--- SUPPLIED MATERIAL ---
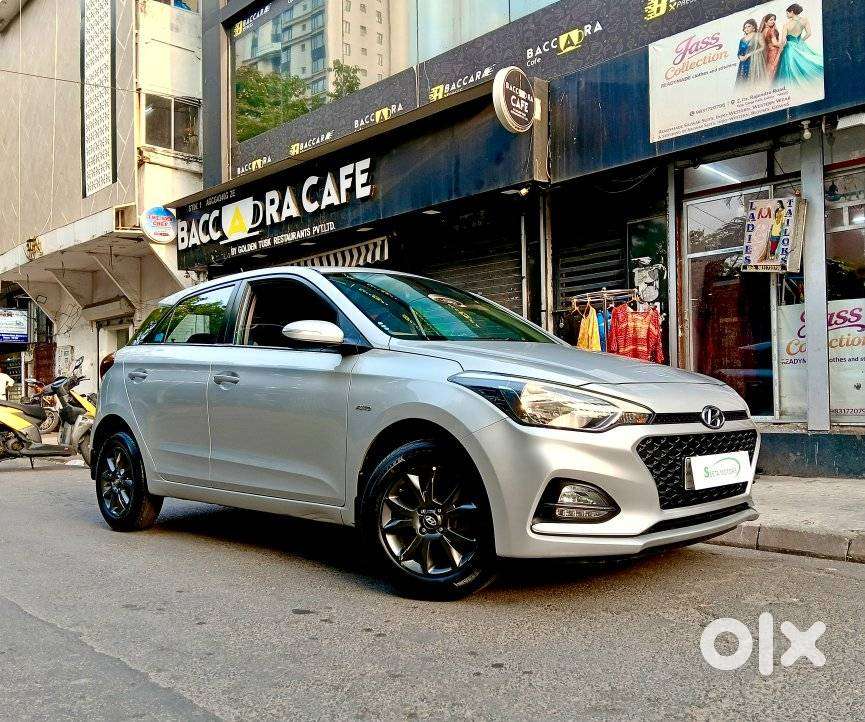 Hyundai I20 Asta Option Cvt, 2018, Petrol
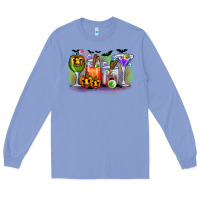 Colony Blue halloween Long Sleeve Tee - CowhideDigitalArt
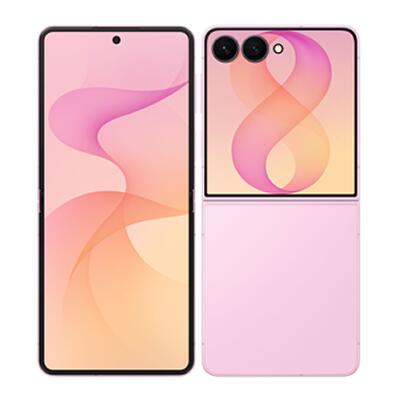 SAMSUNG｜サムスン Samsung Galaxy Z Flip8 12GB/512GB - ピンク SM-F776QLIESJP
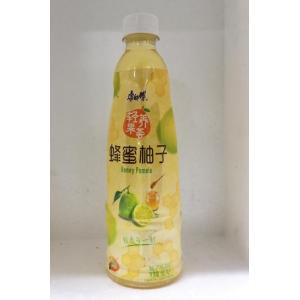 康师傅蜂蜜柚子茶500ml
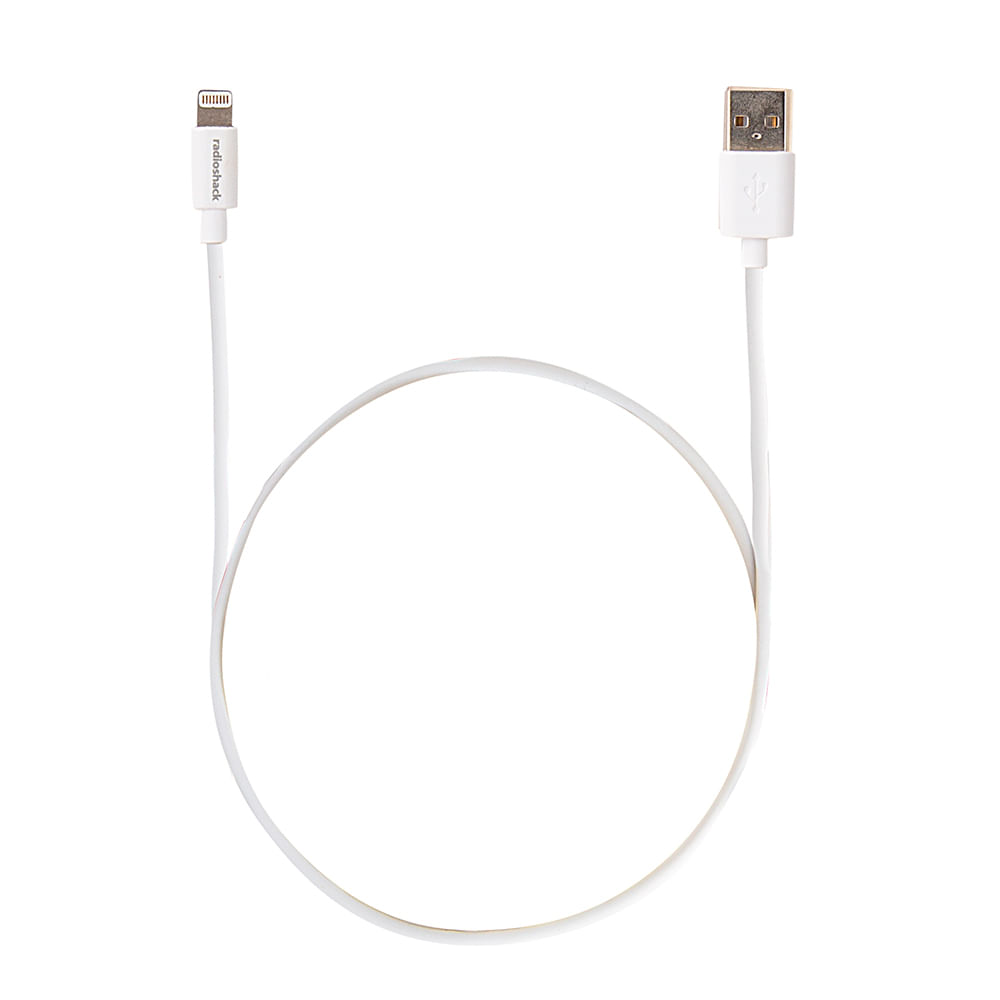 Imagen 2 del producto Cable lightning Radioshack 1 m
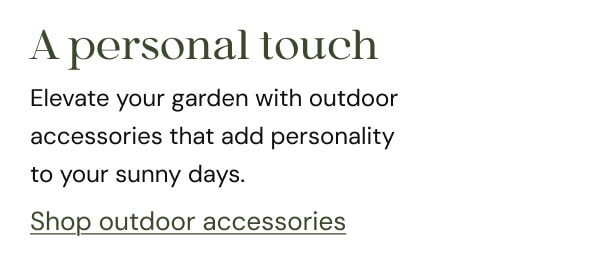 Shop outdoor accessories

--- INSTRUCTIONS FOR THE TASK ---
Every line above is to be duplicated exactly; no picture should be carried over.

--- FINISHED TASK ---
 Hyundai I20 Asta Option Cvt, 2018, Petrol
 Colony Blue halloween Long Sleeve Tee - CowhideDigitalArt
 SAMSUNG｜サムスン Samsung Galaxy Z Flip8 12GB/512GB - ピンク SM-F776QLIESJP
 康师傅蜂蜜柚子茶500ml
 Imagen 2 del producto Cable lightning Radioshack 1 m
 Shop outdoor accessories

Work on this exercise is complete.